-- Records supplied --

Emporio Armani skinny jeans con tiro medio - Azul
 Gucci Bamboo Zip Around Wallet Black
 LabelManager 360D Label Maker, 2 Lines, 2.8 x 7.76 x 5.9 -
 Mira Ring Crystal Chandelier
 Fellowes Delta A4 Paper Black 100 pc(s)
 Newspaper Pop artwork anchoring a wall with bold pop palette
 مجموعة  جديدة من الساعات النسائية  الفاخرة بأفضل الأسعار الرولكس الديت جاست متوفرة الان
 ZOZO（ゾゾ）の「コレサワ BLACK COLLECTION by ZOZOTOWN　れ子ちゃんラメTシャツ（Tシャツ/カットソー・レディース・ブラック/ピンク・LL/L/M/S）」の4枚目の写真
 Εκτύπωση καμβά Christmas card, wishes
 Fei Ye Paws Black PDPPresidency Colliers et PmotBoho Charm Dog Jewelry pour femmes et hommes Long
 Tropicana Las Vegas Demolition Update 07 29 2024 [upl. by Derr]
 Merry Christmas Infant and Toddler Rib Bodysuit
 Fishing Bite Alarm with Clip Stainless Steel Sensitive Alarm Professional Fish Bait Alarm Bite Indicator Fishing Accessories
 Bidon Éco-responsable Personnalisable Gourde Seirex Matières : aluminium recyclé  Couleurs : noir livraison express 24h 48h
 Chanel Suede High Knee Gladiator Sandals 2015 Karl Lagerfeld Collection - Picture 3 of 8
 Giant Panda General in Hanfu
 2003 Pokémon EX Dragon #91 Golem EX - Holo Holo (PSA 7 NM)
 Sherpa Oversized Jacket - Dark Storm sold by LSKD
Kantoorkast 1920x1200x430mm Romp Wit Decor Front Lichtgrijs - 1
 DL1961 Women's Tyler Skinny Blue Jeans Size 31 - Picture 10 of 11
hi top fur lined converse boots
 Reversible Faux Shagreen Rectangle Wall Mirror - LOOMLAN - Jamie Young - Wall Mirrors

-- Required action --
Would you reproduce, word for word, the lines from the one holding "2003 Pokémon EX" through the final line of the entries, both included?

-- Solution --
 2003 Pokémon EX Dragon #91 Golem EX - Holo Holo (PSA 7 NM)
 Sherpa Oversized Jacket - Dark Storm sold by LSKD
Kantoorkast 1920x1200x430mm Romp Wit Decor Front Lichtgrijs - 1
 DL1961 Women's Tyler Skinny Blue Jeans Size 31 - Picture 10 of 11
hi top fur lined converse boots
 Reversible Faux Shagreen Rectangle Wall Mirror - LOOMLAN - Jamie Young - Wall Mirrors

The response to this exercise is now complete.